1. To what extent is biomass production of a Caucasian alpine tundra plant community limited by soil nitrogen and/ or phosphorus? 2. Can the foliar N:P ratio predict the nutrient limitation pattern of alpine vascular plant communities?
Lichen-rich tundra on Mt. Malaya Khatipara in the NW Caucasus, Russia (43°27’N, 41°42’E; alt. 2800 m a.s.l.).
We conducted a 4–year fertilization experiment (N, P, N+P, lime additions and irrigation) on the alpine tundra in the northwestern Caucasus, Russia. We determined responses of biomass, tissue nutrient concentrations and nutrient pools of the above-ground component of the plant community.

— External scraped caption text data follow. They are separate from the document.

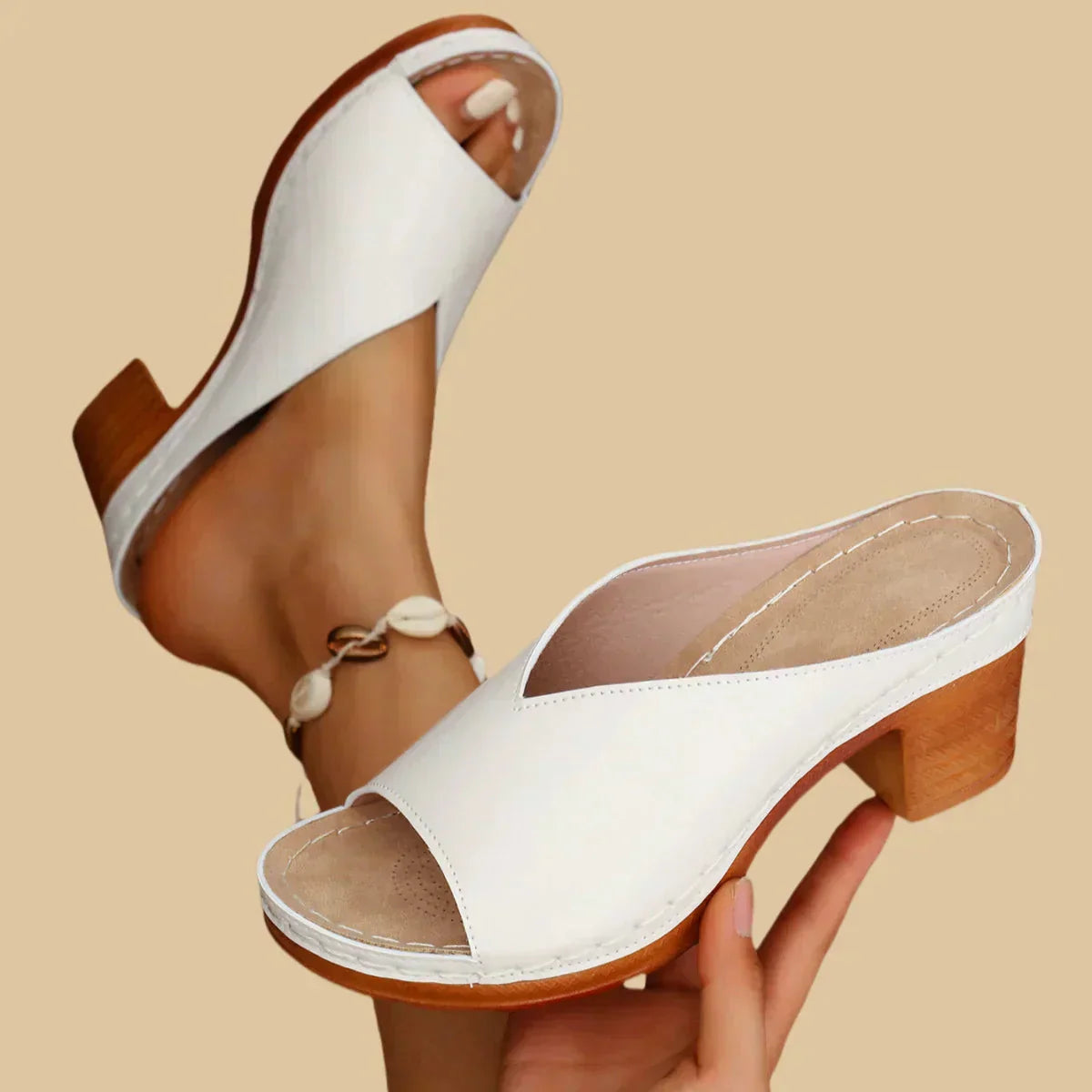 Amalfi| Block Heel Slide Sandals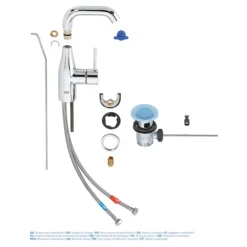 Grohe Essence M-Size Mono Basin Mixer With Pop-up Waste - Chrome -Espaces Bain Shop 23462001 d2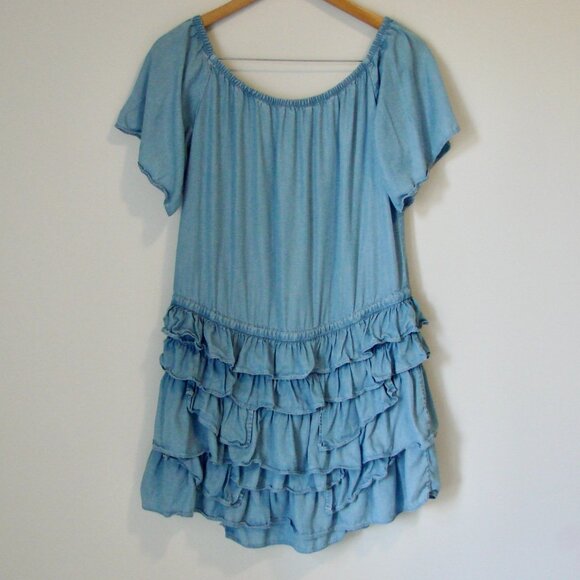 Miss Sixty Dress Y2K Blue Chambray Boho Peasant Ruffled Cowgirl XS Small - Picture 10 of 16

Total plant community biomass did not respond to fertilization. However, lichen biomass strongly decreased in response to the N- and N+P treatments, whereas vascular plant biomass increased in response to the N- and even more to the N+P treatment, but not to P or lime addition or irrigation. P-concentrations in vascular plant species were very low, but their biomass production was not principally P-limited, suggesting adaptation to low soil P-availability. The N-limitation of vascular plant biomass production in the community, which in lowlands usually occurs at N:P ratios below 16, could not be predicted from the mean foliar N:P mass ratio in the control (N:P = 29).
This Caucasian alpine plant community is an example of N- and P-co-limitation of vascular plant biomass production, with N being the principal and P the secondary limiting nutrient. Critical N:P ratios as determined for lowland communities are not applicable here.